Your task: From the material below, retype exactly the lines that begin at the line with "8 Pack Roller" and end after the line with "供应SRB-6000型三斗多功能馅中馅包馅机"; pictures stay out of the copy.

-- Task material follows --

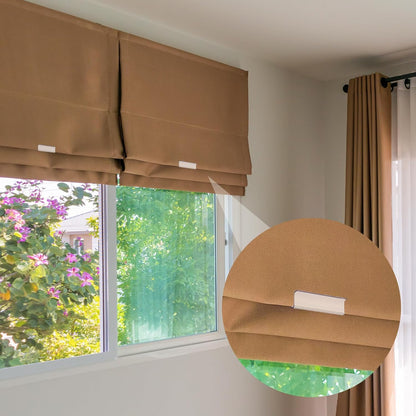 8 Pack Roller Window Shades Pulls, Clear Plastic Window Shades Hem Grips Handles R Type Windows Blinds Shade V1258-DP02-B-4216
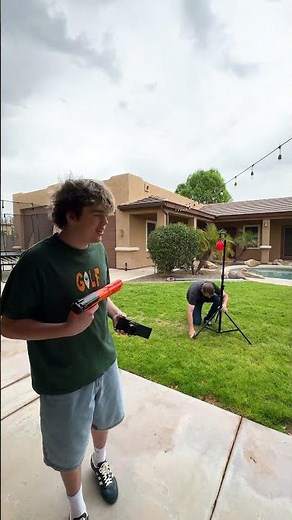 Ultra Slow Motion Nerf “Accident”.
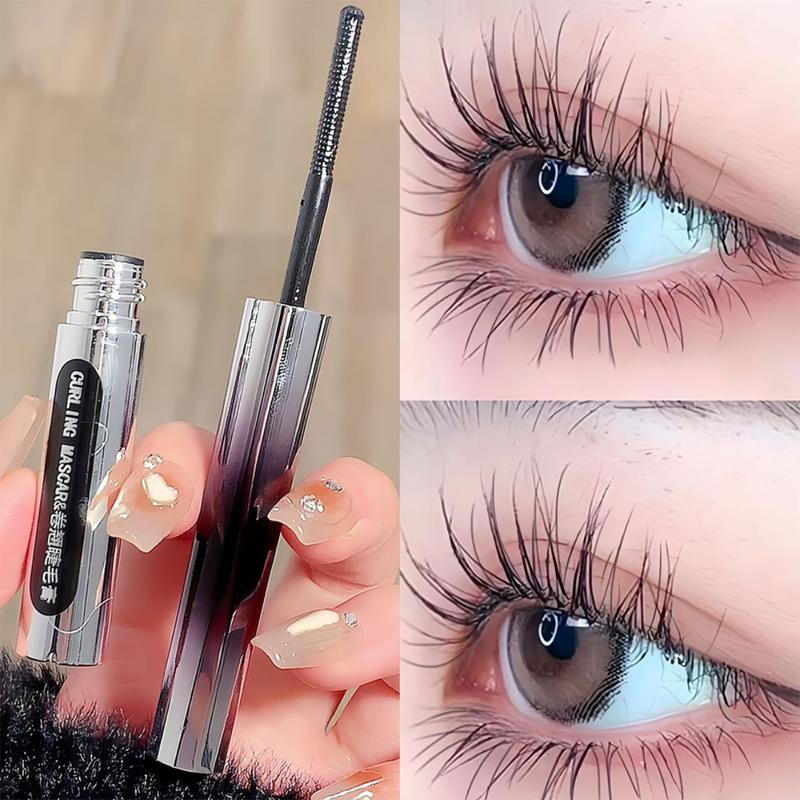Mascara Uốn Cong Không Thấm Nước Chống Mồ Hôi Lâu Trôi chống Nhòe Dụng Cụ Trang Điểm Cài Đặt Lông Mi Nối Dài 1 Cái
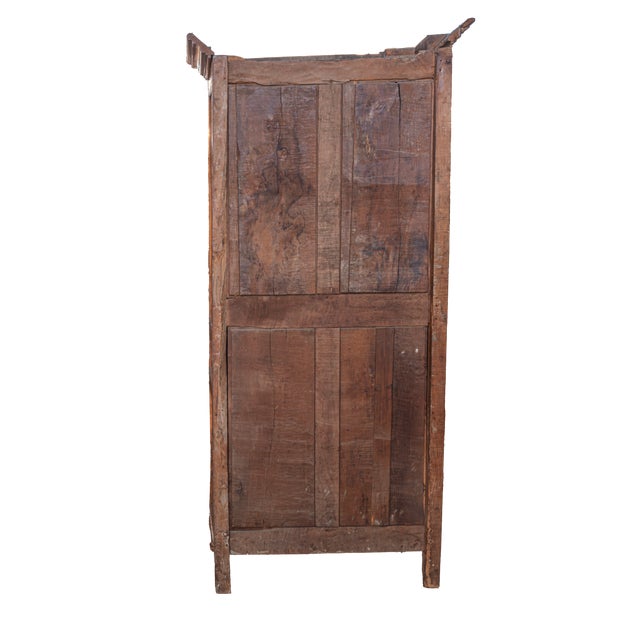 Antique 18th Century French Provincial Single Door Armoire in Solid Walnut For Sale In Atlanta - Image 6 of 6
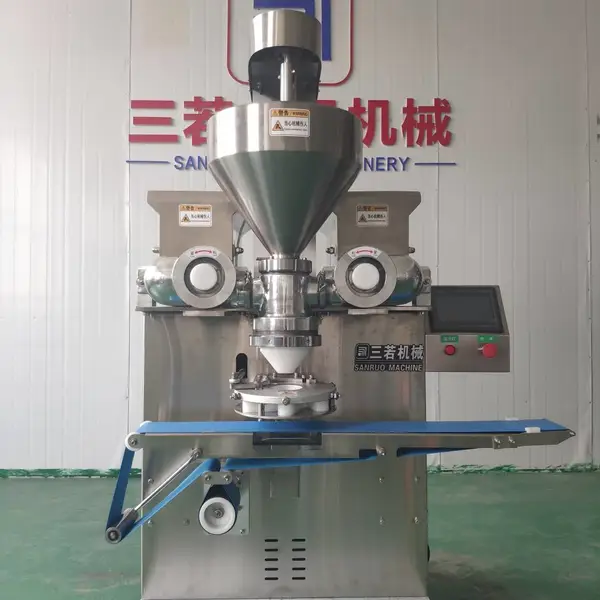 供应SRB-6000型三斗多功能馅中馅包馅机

-- Task material concluded --
-- Task material follows --

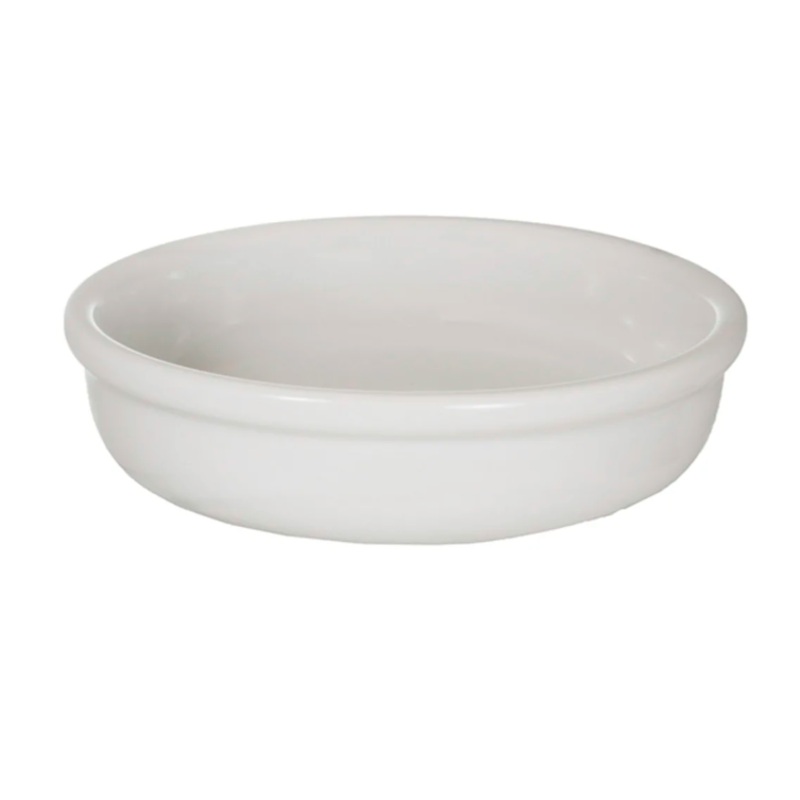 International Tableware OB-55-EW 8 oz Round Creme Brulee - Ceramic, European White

-- Task material concluded --

Answer box:
 8 Pack Roller Window Shades Pulls, Clear Plastic Window Shades Hem Grips Handles R Type Windows Blinds Shade V1258-DP02-B-4216
 Ultra Slow Motion Nerf “Accident”.
Mascara Uốn Cong Không Thấm Nước Chống Mồ Hôi Lâu Trôi chống Nhòe Dụng Cụ Trang Điểm Cài Đặt Lông Mi Nối Dài 1 Cái
 Antique 18th Century French Provincial Single Door Armoire in Solid Walnut For Sale In Atlanta - Image 6 of 6
 供应SRB-6000型三斗多功能馅中馅包馅机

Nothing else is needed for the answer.